Records from a collection:

==================================================

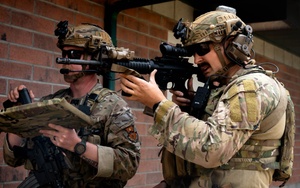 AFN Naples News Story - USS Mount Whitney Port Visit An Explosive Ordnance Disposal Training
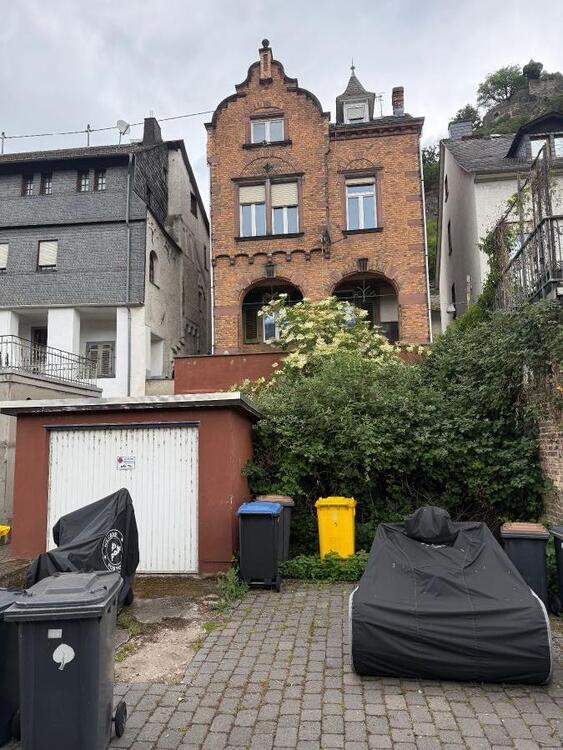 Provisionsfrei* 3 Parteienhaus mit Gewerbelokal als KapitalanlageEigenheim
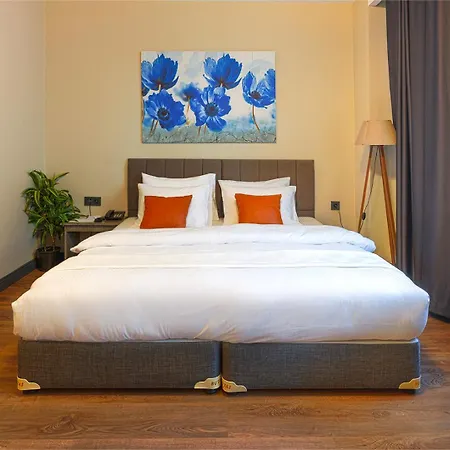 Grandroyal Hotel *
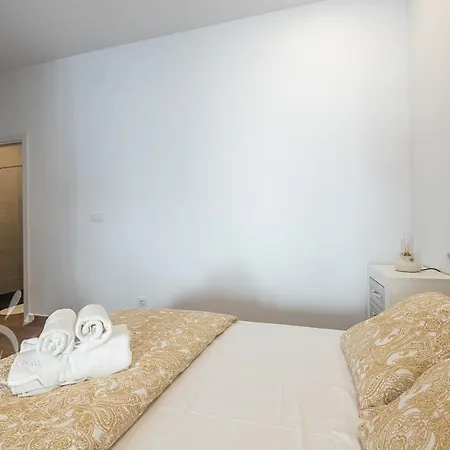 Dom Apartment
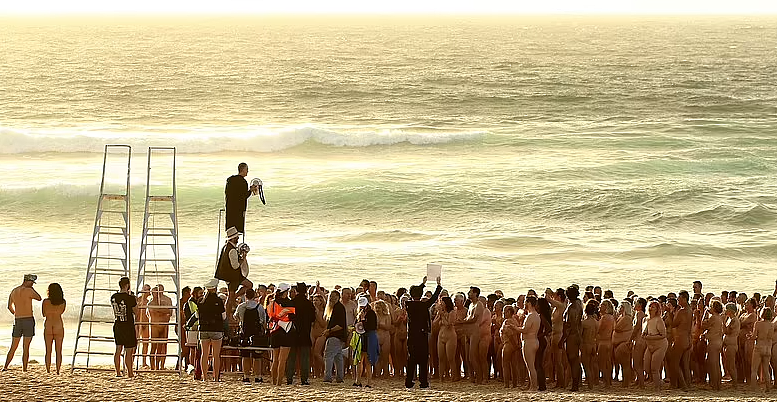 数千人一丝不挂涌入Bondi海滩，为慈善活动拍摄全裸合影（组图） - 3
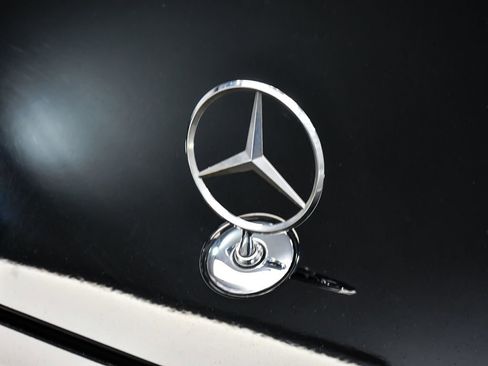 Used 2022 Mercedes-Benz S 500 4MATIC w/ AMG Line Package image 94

==================================================

(Problem statement): Word for word, repeat only the lines from the line containing "Provisionsfrei* 3 Parteienhaus" through the end of the data, without any pictures.

(Task answer):
 Provisionsfrei* 3 Parteienhaus mit Gewerbelokal als KapitalanlageEigenheim
 Grandroyal Hotel *
 Dom Apartment
 数千人一丝不挂涌入Bondi海滩，为慈善活动拍摄全裸合影（组图） - 3
 Used 2022 Mercedes-Benz S 500 4MATIC w/ AMG Line Package image 94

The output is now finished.